I'm trying to compute the total Chern class of the tangent bundle of a manifold constructed as a "compactification" or "projective completion", but I'm not sure I quite have all the details under control.
The manifold $M_{8}$ is eight-dimensional and complex, and constructed as a two-sphere bundle over a six-dimensional (Kahler) base space $B_{6}$. I want to think of this bundle as the total space of the anti-canonical line bundle $\mathcal{L}$ of $B_{6}$, together with a point added at infinity in each $\mathbb{C}$ fibre to make them into spheres. In practice, from here, I believe this means I can think of $M_{8}$ as the total space of $\mathbb{P}(\mathcal{O}\oplus\mathcal{L})$, where $\mathbb{P}$ indicates the projectivisation and $\mathcal{O}$ is the trivial line bundle over $B_{6}$.
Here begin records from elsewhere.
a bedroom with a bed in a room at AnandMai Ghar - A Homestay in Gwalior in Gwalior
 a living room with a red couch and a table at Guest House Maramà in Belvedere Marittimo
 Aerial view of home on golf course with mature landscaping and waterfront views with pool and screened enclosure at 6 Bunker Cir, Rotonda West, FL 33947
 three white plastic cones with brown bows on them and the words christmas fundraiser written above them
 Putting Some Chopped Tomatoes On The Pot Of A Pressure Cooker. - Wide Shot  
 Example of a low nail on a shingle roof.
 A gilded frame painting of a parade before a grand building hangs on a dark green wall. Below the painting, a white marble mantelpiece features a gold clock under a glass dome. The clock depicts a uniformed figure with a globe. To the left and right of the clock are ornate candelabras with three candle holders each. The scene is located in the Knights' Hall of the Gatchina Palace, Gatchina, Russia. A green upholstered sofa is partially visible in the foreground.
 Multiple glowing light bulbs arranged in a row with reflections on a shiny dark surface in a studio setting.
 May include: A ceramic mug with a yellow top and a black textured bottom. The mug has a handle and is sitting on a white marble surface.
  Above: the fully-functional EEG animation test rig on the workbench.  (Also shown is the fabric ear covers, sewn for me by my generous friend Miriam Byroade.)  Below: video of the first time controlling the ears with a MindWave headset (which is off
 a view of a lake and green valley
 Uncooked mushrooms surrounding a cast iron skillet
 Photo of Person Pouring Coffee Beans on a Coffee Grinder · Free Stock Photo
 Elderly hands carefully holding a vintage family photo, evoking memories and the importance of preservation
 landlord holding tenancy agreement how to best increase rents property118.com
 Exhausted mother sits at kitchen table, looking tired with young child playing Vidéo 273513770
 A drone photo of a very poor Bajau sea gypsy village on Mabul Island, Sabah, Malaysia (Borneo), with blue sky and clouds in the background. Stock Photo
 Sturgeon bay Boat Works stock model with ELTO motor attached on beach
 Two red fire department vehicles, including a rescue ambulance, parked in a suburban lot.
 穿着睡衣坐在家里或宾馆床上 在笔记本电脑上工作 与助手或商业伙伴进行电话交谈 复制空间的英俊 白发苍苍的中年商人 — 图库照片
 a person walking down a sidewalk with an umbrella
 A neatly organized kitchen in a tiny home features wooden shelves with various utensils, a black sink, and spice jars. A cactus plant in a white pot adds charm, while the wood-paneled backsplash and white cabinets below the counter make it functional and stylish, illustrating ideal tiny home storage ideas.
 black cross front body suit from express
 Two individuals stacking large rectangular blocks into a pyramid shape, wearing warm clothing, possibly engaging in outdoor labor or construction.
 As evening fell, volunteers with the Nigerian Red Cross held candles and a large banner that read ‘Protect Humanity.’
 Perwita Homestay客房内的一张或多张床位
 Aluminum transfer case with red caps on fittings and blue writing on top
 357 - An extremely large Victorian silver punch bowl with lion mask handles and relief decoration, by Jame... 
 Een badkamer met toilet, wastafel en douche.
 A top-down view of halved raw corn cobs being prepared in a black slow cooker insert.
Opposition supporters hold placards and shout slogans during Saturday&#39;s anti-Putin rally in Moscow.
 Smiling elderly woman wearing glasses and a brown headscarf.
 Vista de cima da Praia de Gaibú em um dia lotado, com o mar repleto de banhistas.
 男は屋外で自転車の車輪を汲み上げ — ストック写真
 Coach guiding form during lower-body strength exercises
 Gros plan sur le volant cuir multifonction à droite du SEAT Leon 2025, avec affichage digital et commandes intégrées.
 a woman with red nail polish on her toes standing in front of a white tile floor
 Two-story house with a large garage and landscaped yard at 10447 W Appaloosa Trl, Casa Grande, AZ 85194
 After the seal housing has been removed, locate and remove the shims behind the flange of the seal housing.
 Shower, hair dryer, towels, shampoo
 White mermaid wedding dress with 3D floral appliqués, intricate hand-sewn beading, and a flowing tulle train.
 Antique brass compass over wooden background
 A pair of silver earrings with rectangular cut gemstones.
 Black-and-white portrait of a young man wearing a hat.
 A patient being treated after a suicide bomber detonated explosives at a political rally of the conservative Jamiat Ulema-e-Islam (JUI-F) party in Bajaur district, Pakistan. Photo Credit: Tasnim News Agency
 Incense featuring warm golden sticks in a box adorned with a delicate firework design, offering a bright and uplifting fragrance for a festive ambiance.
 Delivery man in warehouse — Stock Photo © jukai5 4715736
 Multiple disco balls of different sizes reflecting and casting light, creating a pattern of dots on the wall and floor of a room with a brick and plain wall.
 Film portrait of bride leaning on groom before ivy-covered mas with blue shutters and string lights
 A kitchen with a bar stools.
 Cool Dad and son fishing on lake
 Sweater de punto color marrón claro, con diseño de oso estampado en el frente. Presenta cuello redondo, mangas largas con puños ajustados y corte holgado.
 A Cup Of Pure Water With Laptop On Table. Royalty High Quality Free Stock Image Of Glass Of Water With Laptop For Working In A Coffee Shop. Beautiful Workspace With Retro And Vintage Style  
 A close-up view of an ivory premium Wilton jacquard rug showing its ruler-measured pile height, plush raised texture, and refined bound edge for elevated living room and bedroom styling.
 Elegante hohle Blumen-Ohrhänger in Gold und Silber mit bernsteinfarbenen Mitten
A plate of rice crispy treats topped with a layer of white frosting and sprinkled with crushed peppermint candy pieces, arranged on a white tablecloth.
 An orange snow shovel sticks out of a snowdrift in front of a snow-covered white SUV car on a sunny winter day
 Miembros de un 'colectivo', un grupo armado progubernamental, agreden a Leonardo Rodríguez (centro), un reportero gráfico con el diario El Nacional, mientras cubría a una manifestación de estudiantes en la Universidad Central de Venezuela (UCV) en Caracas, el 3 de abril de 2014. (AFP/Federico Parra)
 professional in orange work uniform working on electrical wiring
I then want to compute the total Chern class of $M_{8}$ in terms of the data of $B_{6}$. As a start, following this, I have that, taking $V=\mathcal{O}\oplus\mathcal{L}$ and $\pi\colon\mathbb{P} V\to B_{6}$, $$ c(T_{\mathcal{M}_{8}})=c(\pi^{*}(\mathcal{O}\oplus\mathcal{L})\otimes\gamma^{*})c(\pi^{*}T_{B_{6}}), $$ where $\gamma$ is the tautological line bundle over $\mathbb{P} V=\mathcal{M}_{8}$. Since $\mathcal{L}$ is the anti-canonical bundle of $B_{6}$, I also know that $c_{1}(\mathcal{L})=c_{1}(T_{B_{6}})$. The Whitney sum formula, etc., then gives \begin{align*} c(T_{\mathcal{M}_{8}}) & =c(\pi^{*}\mathcal{O}\otimes\gamma^{*})c(\pi^{*}\mathcal{L}\otimes\gamma^{*})c(\pi^{*}T_{B_{6}})\\ & =\left(1+\pi^{*}c_{1}(\mathcal{O})+c_{1}(\gamma^{*})\right)\left(1+\pi^{*}c_{1}(T_{B_{6}})+c_{1}(\gamma^{*})\right)\pi^{*}c(T_{B_{6}}), \end{align*} which I can expand out to read off the Chern classes. At this point, my geometry runs out. I have two questions:
- Naively, I'd say that $\gamma^{*}=\pi^{*}\mathcal{O}(1)$ and would then need to know $\mathcal{L}$ in terms of $\mathcal{O}(n)$ in order to make progress. Does that sound correct, or is that too quick? From this, it seems that it might be more complicated...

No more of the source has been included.